Supplementary Materials
Supplementary Movie 1. Screening amplification domains for CluMPS reporter. Representative time lapse videos of candidate CluMPS variants (magenta) co-transfected with Cry2-GFP (green) and stimulated with blue light. CluMPS variants harbor different amplification domains as indicated. Time is mm:ss. Scale bar = 20μm.
Supplementary Movie 2. Representative simulations of stochastic model of CluMPS amplification. Each row shows motion of the target and reporter units under the indicated simulation parameters. All rows have identical simulation parameters except for the valency of the target, which is indicated to the left of each row. The right-most column shows the extent of reporter clustering and the total interaction strength of the simulation. Simulations were stopped once the interaction strength reached steady state. See Methods for more model details.

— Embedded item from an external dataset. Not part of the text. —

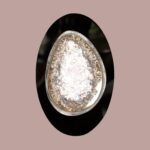 Glossy Black LED Wall Light - Image 6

Supplementary Movie 3. CluMPS:target affinity regulates CluMPS amplification. LaG-CluMPS variants with differing affinities were each co-transfected with Cry2-GFP and stimulated with blue light. Higher-affinity CluMPS provided greater cluster amplification. Time is mm:ss. Scale bar = 20μm.
Supplementary Movie 4. Gab1(PRD)-CluMPS visualizes endogenous EML4-ALK condensates and their shrinkage in response to ALK inhibitor. Gab1(PRD)-CluMPS was expressed in H3122 cancer cells, which harbor the EML4-ALK (V1) oncogene. ALK inhibitor crizotinib (1 μM) is added at t = 0 min. Scale bar = 20μm.

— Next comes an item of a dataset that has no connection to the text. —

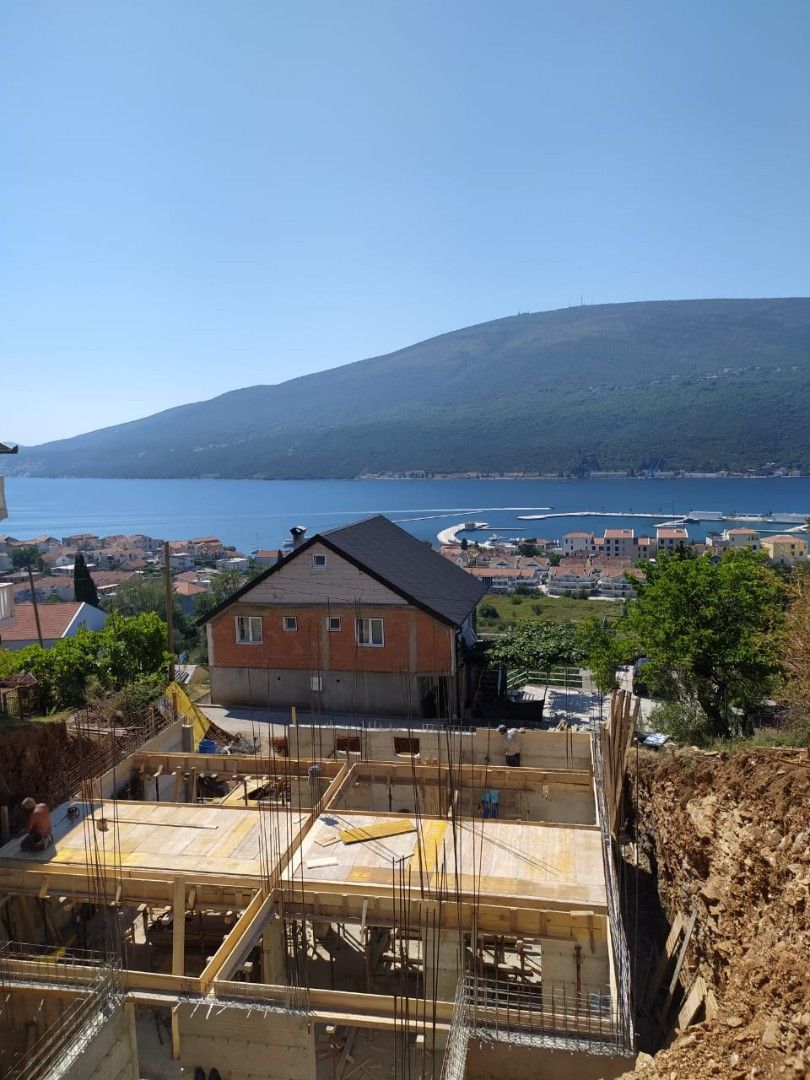 Haus in Herceg-Novi, Montenegro, 350 m2 - Foto 1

Supplementary Movie 5. Multiplexed imaging of orthogonal CluMPS reporters against distinct clustering targets in single cells. Orthogonal CluMPS variants (LaG17-CluMPS, nbALFA-CluMPS) were co-expressed with orthogonal blue-light-induced clustering systems (BcLOV4-GFP and ALFA-Cry2) in the single cells. Blue light is applied at the beginning of the video to induce clustering of both GFP and ALFA-tag. Distinct clusters are observed in both the miRFP (LaG17 CluMPS, teal) and mRuby2 (nbALFA CluMPS, red) channels, suggesting independent amplification of the distinct clusters. Time is mm:ss. Scale bar = 20μm.

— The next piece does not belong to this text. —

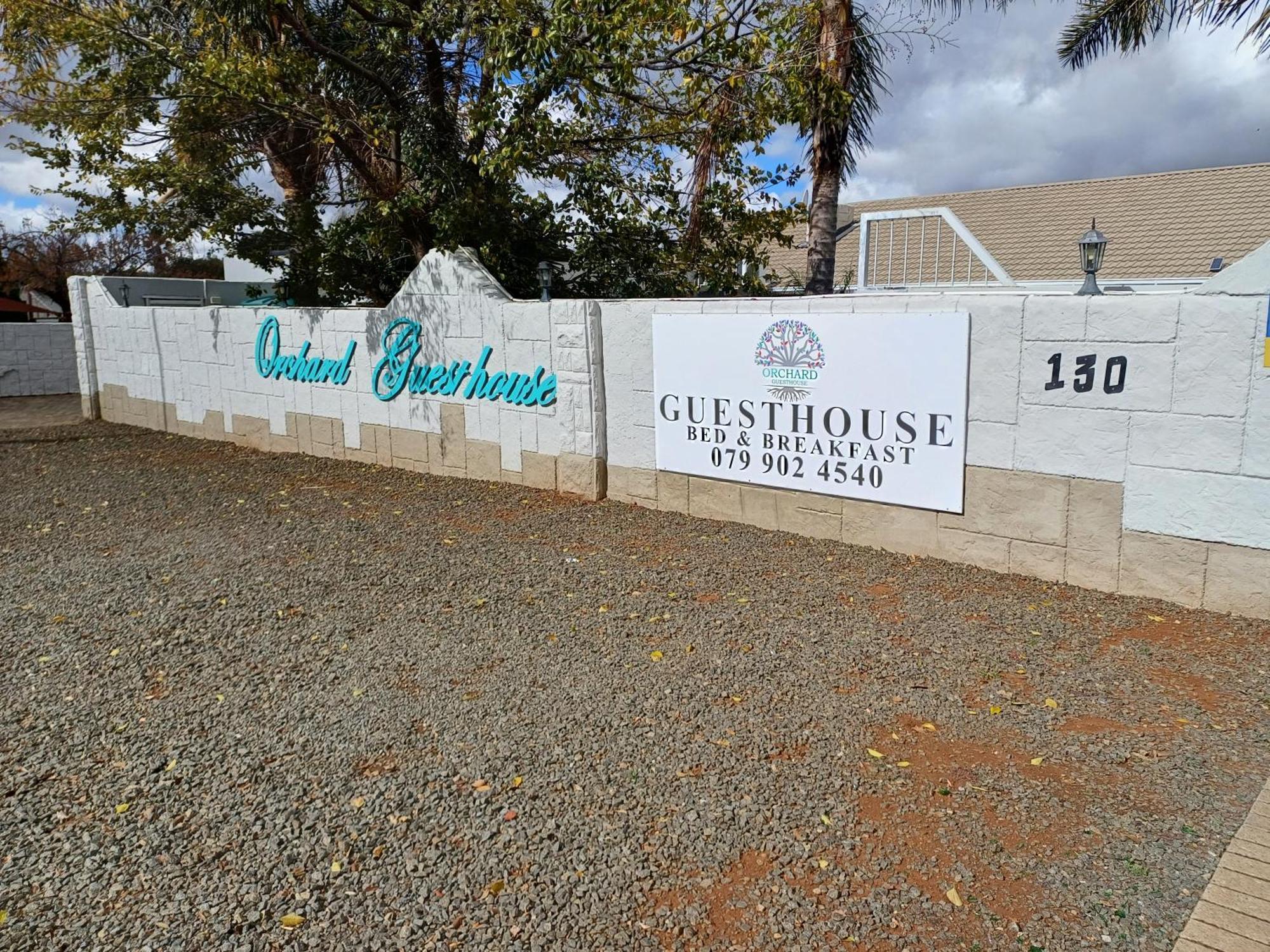 Orchard Guesthouse Bloemfontein Esterno foto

Data Availability Statement
All microscopy data available from the lead contact upon request.
Code used to fit clusters throughout this manuscript and described in Supplementary Figure 20 and 21 is available on github (https://github.com/BugajLab/Cluster-Fitting, DOI: 10.5281/zenodo.10471925).
Any additional information required to reanalyze the data reported in this paper is available from the lead contact upon request.